The IPPS proposed rule is dense reading.
The Centers for Medicare & Medicaid Services (CMS) released its Inpatient Prospective Payment System (IPPS) Proposed Rule for the 2022 fiscal year (FY) on April 27. This proposed rule is packed with information for inpatient services for FY 22, covering a whopping 1,091 pages. Comments are due by June 28 at 5 p.m. EST. Comments can be submitted at http://www.regulations.gov.
There are 15 proposed changes to Medicare Severity Diagnosis-Related Groups (MS-DRGs) in the proposed rule, including shifts from 981-983 (Extensive OR Procedures Unrelated to Principal Diagnosis) to 987-989 (Non-Extensive OR Procedures Unrelated to Principal Diagnosis). There were 11 additional proposals for MS-DRG amendments that were not accepted.
There are 10 shifts of ICD-10-PCS procedure codes from OR to Non-OR or Non-OR to OR. For example, 22 PCS codes describing open drainage of subcutaneous tissue and fascia (Table 0J9) will be moved to the non-OR classification.
The ICD-10-CM and ICD-10-PCS classifications are expanding between FY 21 and FY 22. See the table below:
Classification |
V38.1 (FY21) |
V39 (FY22) |
Change |
ICD-10-CM |
72,621 |
72,768 |
+147 |
ICD-10-PCS |
78,136 |
78,242 |
+106 |
Total |
150,757 |
151,010 |
+253 |
The new diagnosis codes can be found in Table 6A. The new procedure codes can be found in Table 6B. These tables are associated with the proposed rule and can be found using the link in the Resources section. The ICD-10-CM and ICD-10-PCS codes effective on Jan. 1, 2021 are included in the changes for FY 22. Comments can be submitted regarding Major Diagnostic Category (MDC), MS-DRG, severity level for diagnosis (CC or MCC status), and OR status (DRG OR or non-OR). Comments regarding the actual codes will not be reviewed, as the Coordination and Maintenance Committee finalizes the codes.
This proposed rule also contains the possibility of two official updates per year, which would occur on April 1 and Oct. 1. This proposal was discussed during the March Coordination and Maintenance Committee Meeting, and CMS has requested feedback on the change.

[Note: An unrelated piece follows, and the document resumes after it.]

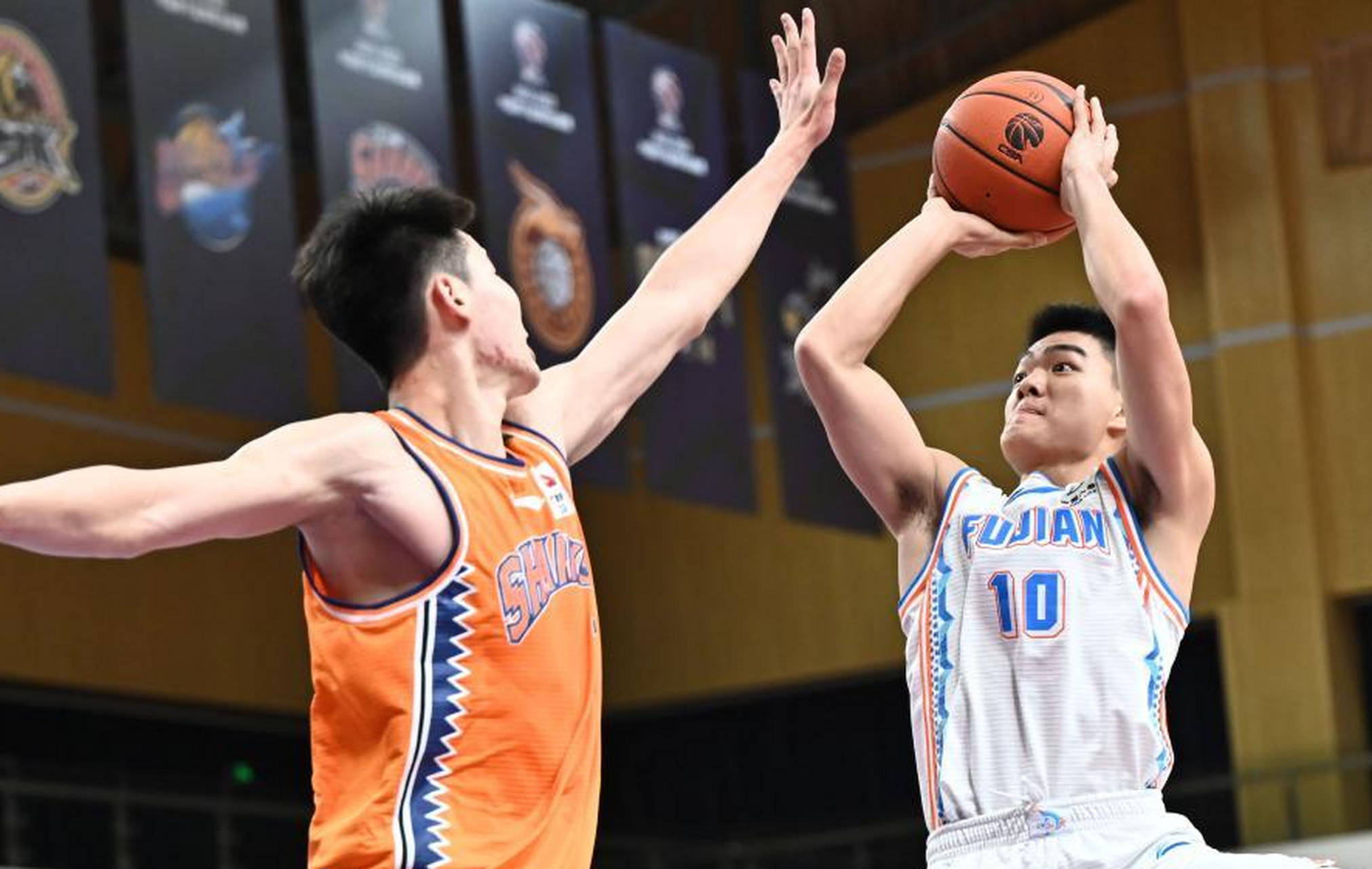 开云体育-广厦男篮发布备战花絮,冲刺阶段队长鼓劲,欧篮联任务艰巨,身体对抗强度拉满的简单介绍-开云体育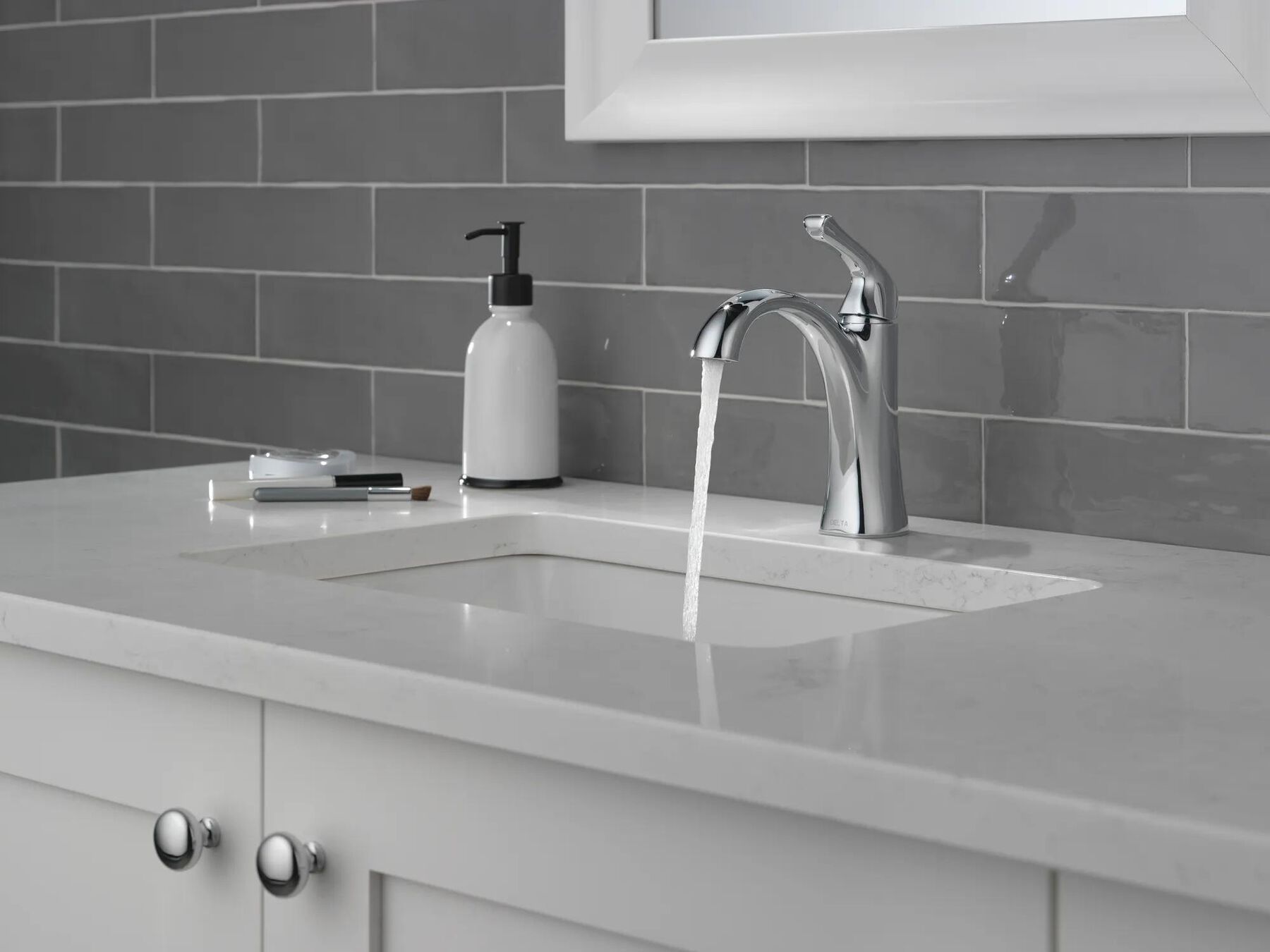 Single-Hole Bathroom Faucet (Recertified)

There are also proposed changes regarding Complication/Comorbid Condition (CC) status. Additionally, CMS is requesting comments regarding unspecified codes. There is a proposed change to shift the unspecified codes to non-CC status. The current and proposed breakdown are as follows:
Status |
V38.1 (FY21) |
V39.0 (FY22) |
Changes |
MCC |
3,278 |
2,771 |
507 |
CC |
14,679 |
11,696 |
2,983 |
Non-CC |
54,664 |
58,154 |
– |
Total |
72,621 |
72,621 |
3,490 |
Please note that proposed changes were based only on V38.1 diagnosis codes.
This proposed rule also contains updates to the Medicare code edits (MCEs), surgical hierarchy, and cost-to-charge ratios for the 19 major cost centers. The MCE changes are minimal, and restricted to the new FY 22 codes. In this fiscal year, the surgical hierarchy in MDC 5 (Circulatory System) has been amended.
As you can see, there is much to consider and prepare for come Oct. 1, 2022.